Modalités thérapeutiques
Situation métastatique

Recommandations

Prérequis indispensables :

  • Pour ces tumeurs, toutes les décisions thérapeutiques doivent être discutées dans le cadre d’une concertation pluridisciplinaire de recours RENATEN avec avis d’experts :
  • Ces décisions thérapeutiques seront prises après la réalisation systématique préalable d’une imagerie aux récepteurs de la SMS (TEP ou à défaut scintigraphie).
  • La possibilité de l’inclusion du patient dans un essai thérapeutique devra être systématiquement évoquée.
  • Le syndrome sécrétoire de type carcinoïde, s’il existe, devra être contrôlé en priorité au moyen des analogues de la somatostatine (ASM).

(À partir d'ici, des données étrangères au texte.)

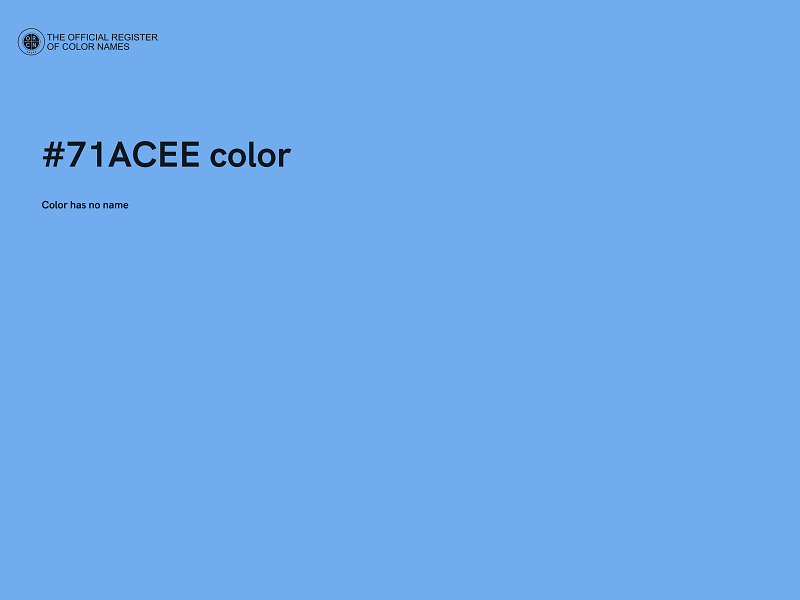 #71ACEE color image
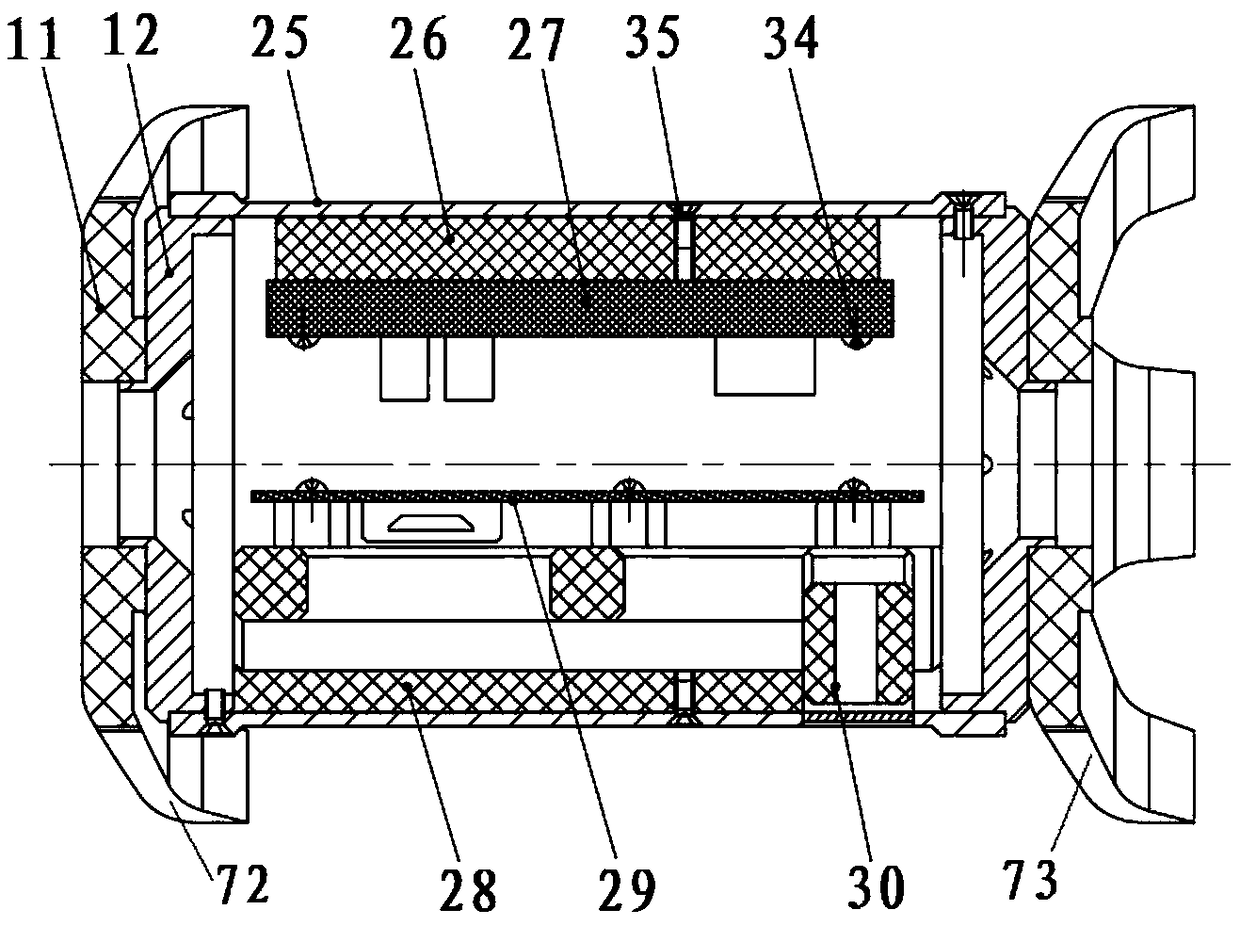 Method for detecting thickness of non-metallic coating on inner wall of small-aperture long-distance pipeline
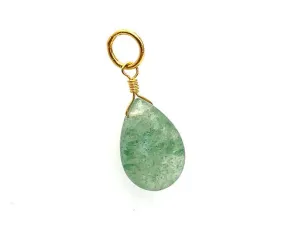 Natural Stone Teardrop | Green Strawberry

Prise en charge en fonction de la dissémination au diagnostic et de la pente évolutive :

  • En cas de tumeur carcinoïde métastatique, à faible masse tumorale, non accessible à un geste d’exérèse chirurgicale, non symptomatique et peu évolutive, une surveillance attentive pourra être proposée, même au stade de métastases diffuses. L’alternative sera  l’utilisation des ASM, même en l’absence de syndrome sécrétoire.
  • En cas de maladie clairement progressive et/ou très largement disséminée seront discutés en première intention : une thérapeutique ciblée par éverolimus ou une chimiothérapie en cas de pente évolutive rapide à base d’oxaliplatine (Gemox, Folfox) ou de temolozomide. La radiothérapie vectorisée interne qui est une option de ligne ultérieure est actuellement non disponible en France. L’interféron pourra être proposé en cas d’échec des autres alternatives thérapeutiques et notamment en cas de syndrome carcinoïde réfractaire. Enfin, des techniques de (chimio)-embolisation ou des indications chirurgicales de réduction tumorale si syndrome sécrétoire non contrôlé ou masse hépatique symptomatique prédominante seront également discutées.
  • En cas de maladie métastatique hépatique resécable sur les deux sites, sans autre lésion détectable, une attitude chirurgicale sur les deux sites après une période d’observation de la pente évolutive sera discutée.
  • En cas de maladie hépatique prédominante : une attitude chirurgicale vis-à-vis des métastases hépatiques, si la situation locorégionale s’y prête, sera discutée. En cas d’impossibilité de résection chirurgicale, et de lésions secondaires hépatiques évolutives, il faudra discuter une ou plusieurs embolisations, (chimio)-embolisations ou radiofréquences.